Wednesday, April 6, 2011

Why is it a bad practice to call System.gc?

After answering to a question about how to force-free objects in Java (the guy was clearing a 1.5GB HashMap) with System.gc(), I've been told it's a bad practice to call System.gc() manually, but the comments seemed mitigated about it. So much that no one dared to upvote it, nor downvote it.

I've been told there it's a bad practice, but then I've also been told garbage collector runs don't systematically stop the world anymore, and that it could also be only seen as a hint, so I'm kind of at loss.
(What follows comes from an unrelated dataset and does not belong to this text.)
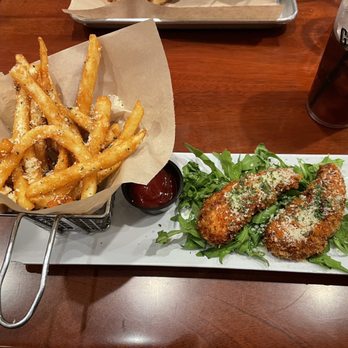 Cavana's Pub & Grub - Chicken basket with garlic fries - Pubs Near Me - Sutter Creek, California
I do understand that usually the JVM knows better than you when it needs to reclaim memory. I also understand that worrying about a few kilobytes of data is silly. And I also understand that even megabytes of data isn't what it was a few years back. But still, 1.5 gigabyte? And you know there's like 1.5 GB of data hanging around in memory; it's not like it's a shot in the dark. Is System.gc() systematically bad, or is there some point at which it becomes okay?

So the question is actually double:

  • Why is it or not a bad practice to call System.gc()? Is it really a hint under certain implementations, or is it always a full collection cycle? Are there really garbage collector implementations that can do their work without stopping the world? Please shed some light over the various assertions people have made.
  • Where's the threshold? Is it never a good idea to call System.gc(), or are there times when it's acceptable? If any, what are those times?
From stackoverflow
  • The reason everyone always says to avoid System.gc() is that it is a pretty good indicator of fundamentally broken code. Any code that depends on it for correctness is certainly broken; any that rely on it for performance are most likely broken.

    You don't know what sort of garbage collector you are running under. There are certainly some that do not "stop the world" as you assert, but some JVMs aren't that smart or for various reasons (perhaps they are on a phone?) don't do it. You don't know what it's going to do.

    Also, it's not guaranteed to do anything. The JVM may just entirely ignore your request.

    The combination of "you don't know what it will do," "you don't know if it will even help," and "you shouldn't need to call it anyway" are why people are so forceful in saying that generally you shouldn't call it. I think it's a case of "if you need to ask whether you should be using this, you shouldn't"

    EDIT to address a few concerns from the other thread:

    After reading the thread you linked, there's a few more things I'd like to point out. First, someone suggested that calling gc() may return memory to the system. That's certainly not necessarily true - the Java heap itself grows independently of Java allocations.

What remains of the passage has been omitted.